● **PROMPT**: Once the line with "Besiege Mobile - 岩だらけの風景の上空に浮かぶ、3隻の木製飛行船。Besiege" is found in the entries below, repeat it and each following line exactly, up to and including the line with "Sculptures - Interior". Add no other lines.

● **GIVEN RECORDS**:
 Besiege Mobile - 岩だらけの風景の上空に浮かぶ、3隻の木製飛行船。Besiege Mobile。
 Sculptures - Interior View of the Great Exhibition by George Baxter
--
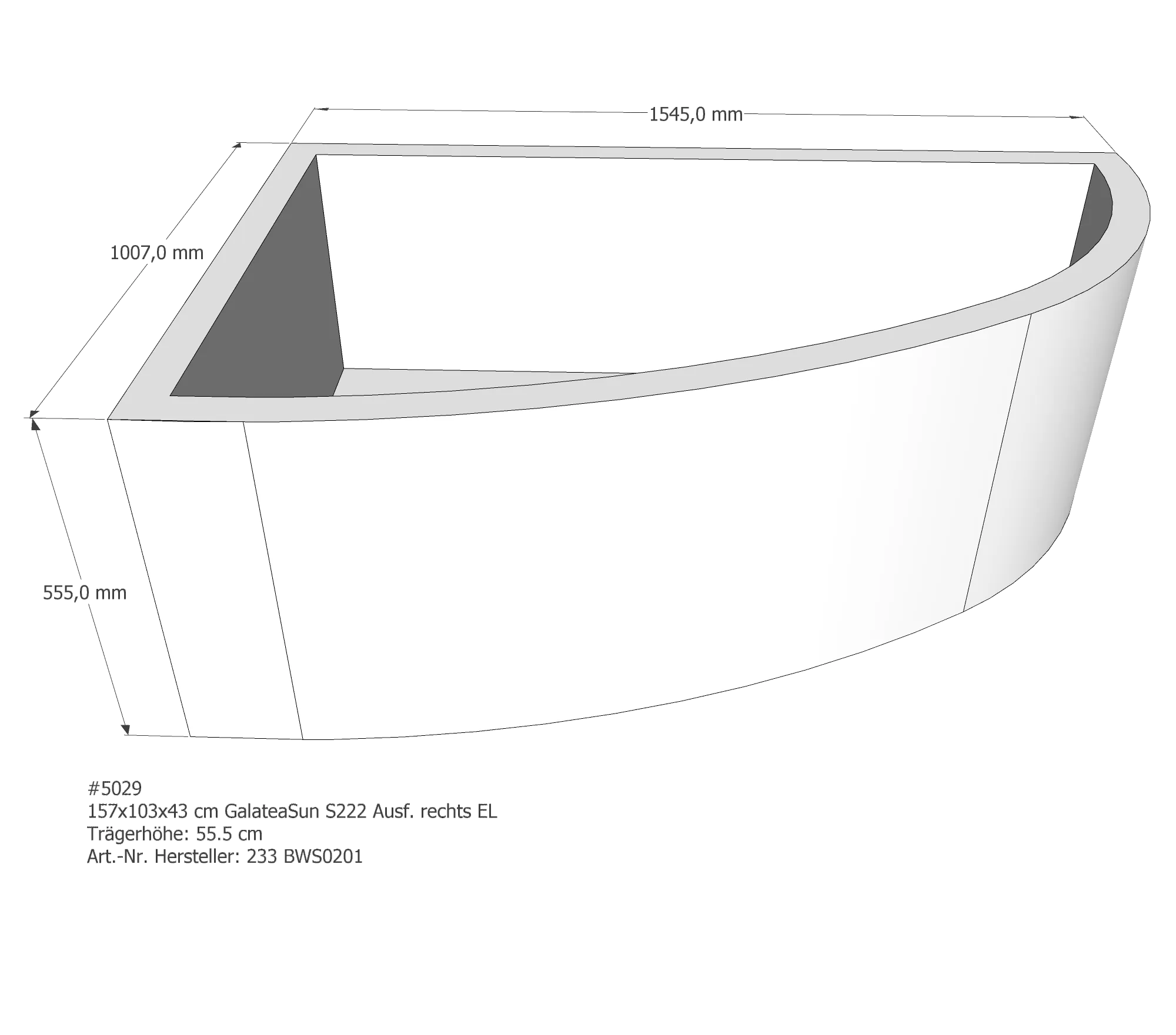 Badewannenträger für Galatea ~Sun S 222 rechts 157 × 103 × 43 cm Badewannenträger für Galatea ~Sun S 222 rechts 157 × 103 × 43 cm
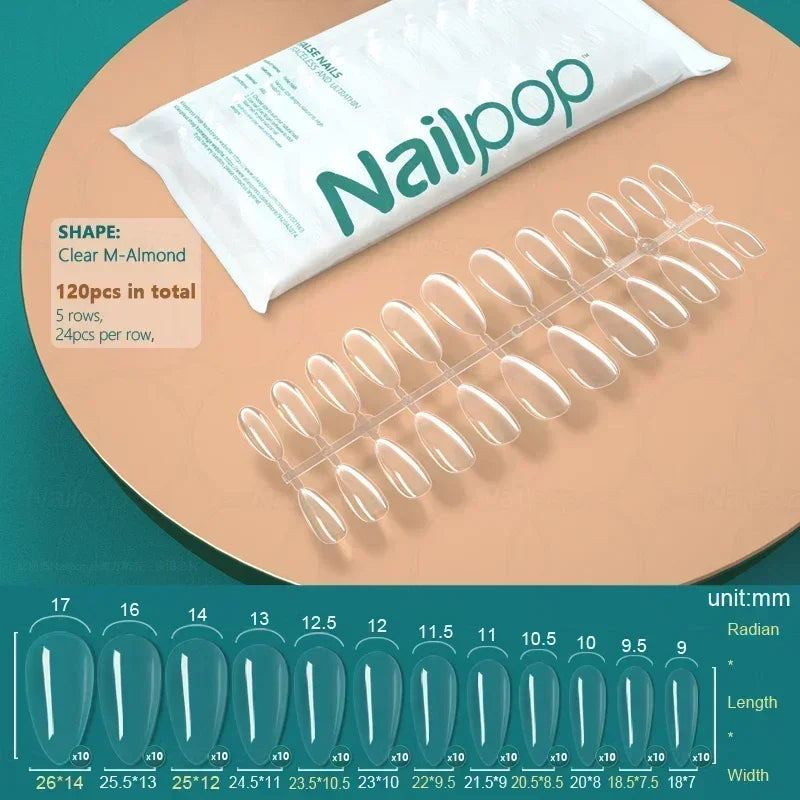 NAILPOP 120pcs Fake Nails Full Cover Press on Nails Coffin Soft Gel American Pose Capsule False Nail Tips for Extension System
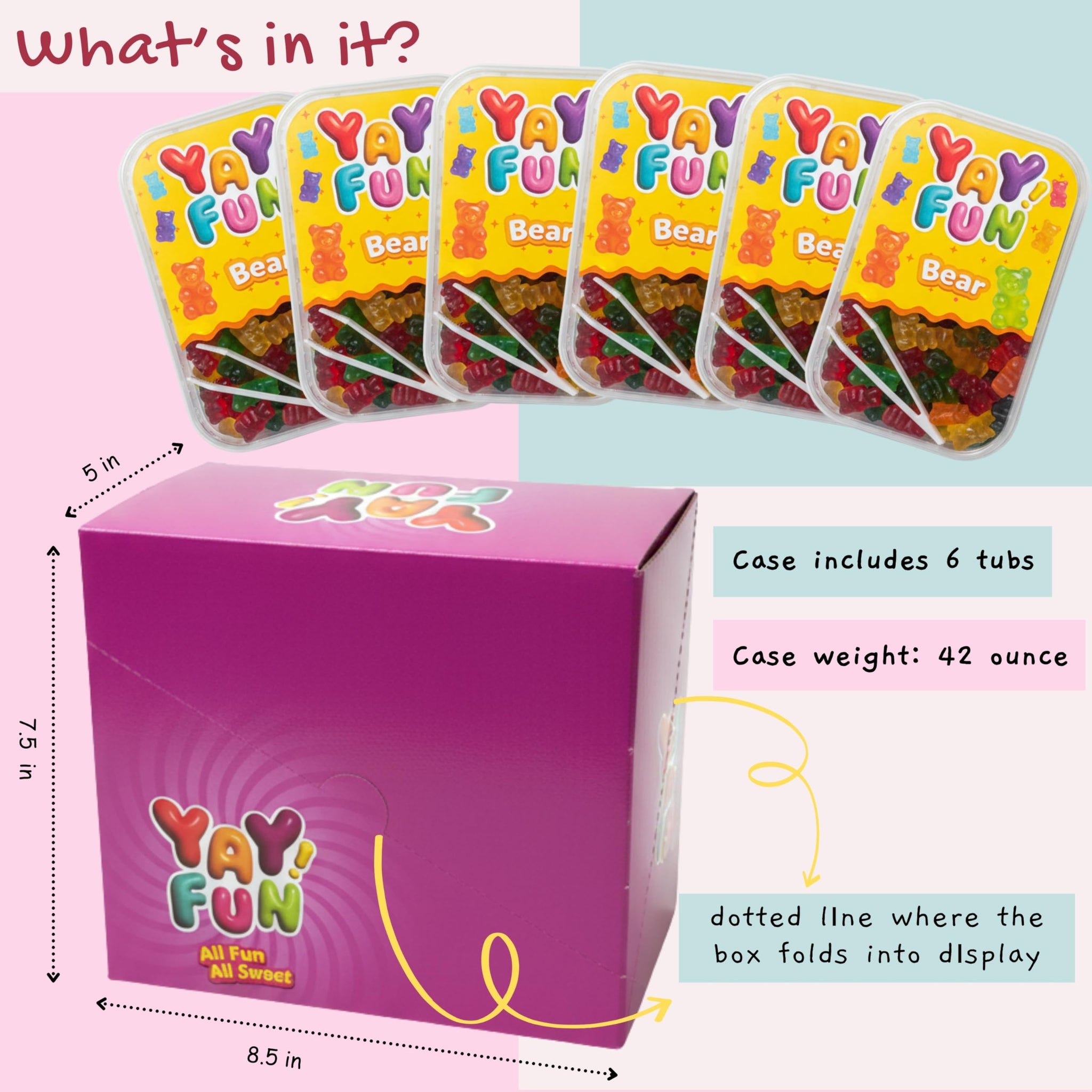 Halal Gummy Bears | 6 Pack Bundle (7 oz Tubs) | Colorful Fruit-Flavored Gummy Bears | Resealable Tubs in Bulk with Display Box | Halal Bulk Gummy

● **REPLY**:
 Besiege Mobile - 岩だらけの風景の上空に浮かぶ、3隻の木製飛行船。Besiege Mobile。
 Sculptures - Interior View of the Great Exhibition by George Baxter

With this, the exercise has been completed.